Exactly the lines from the line with "Pray by Number: A" through the final line of the records below, both ends included, are to be set down. Do not include pictures.

---

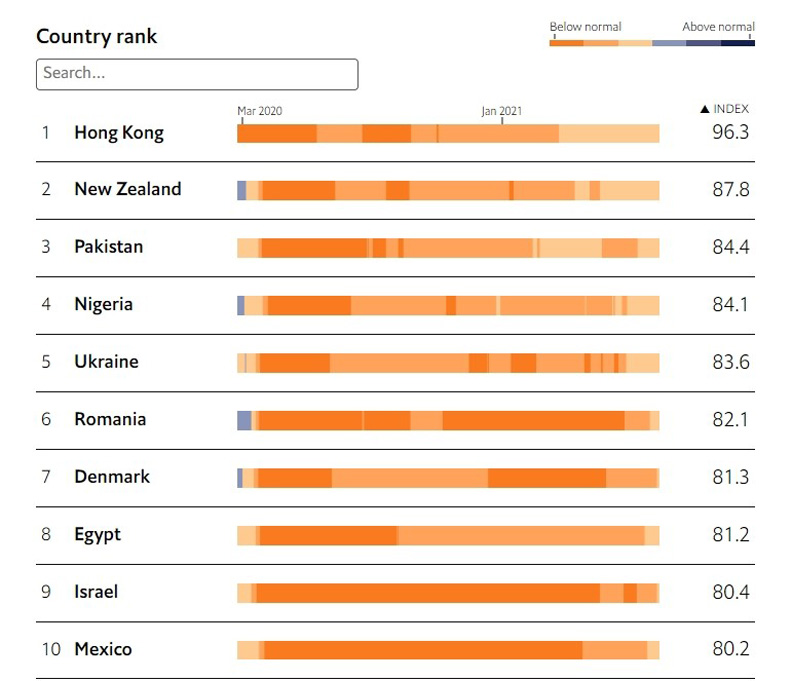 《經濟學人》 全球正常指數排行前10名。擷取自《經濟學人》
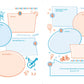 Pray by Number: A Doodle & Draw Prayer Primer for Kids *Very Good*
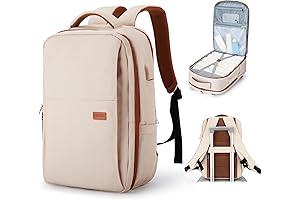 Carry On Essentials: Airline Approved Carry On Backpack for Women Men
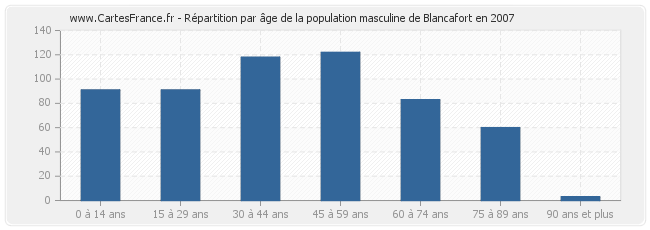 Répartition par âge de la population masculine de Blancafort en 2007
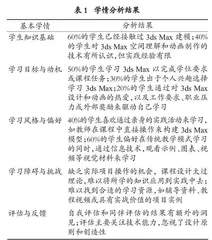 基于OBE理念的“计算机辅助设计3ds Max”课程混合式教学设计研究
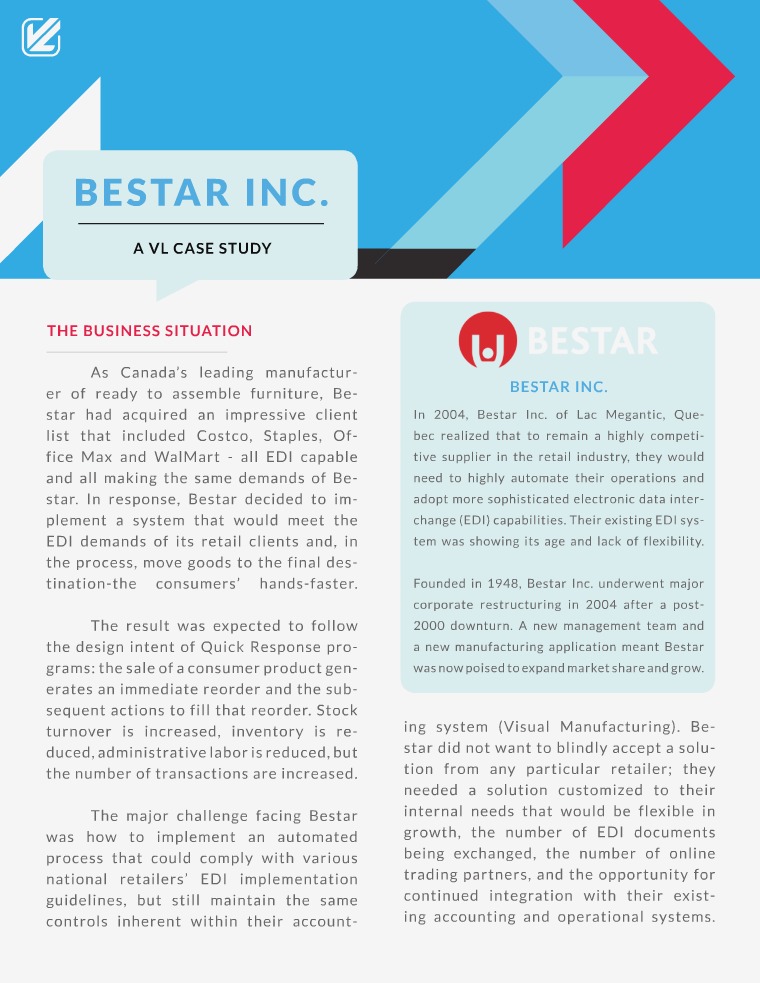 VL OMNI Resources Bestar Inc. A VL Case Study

---

▶ _WRITTEN SOLUTION_:
 Pray by Number: A Doodle & Draw Prayer Primer for Kids *Very Good*
 Carry On Essentials: Airline Approved Carry On Backpack for Women Men
 Répartition par âge de la population masculine de Blancafort en 2007
 基于OBE理念的“计算机辅助设计3ds Max”课程混合式教学设计研究
 VL OMNI Resources Bestar Inc. A VL Case Study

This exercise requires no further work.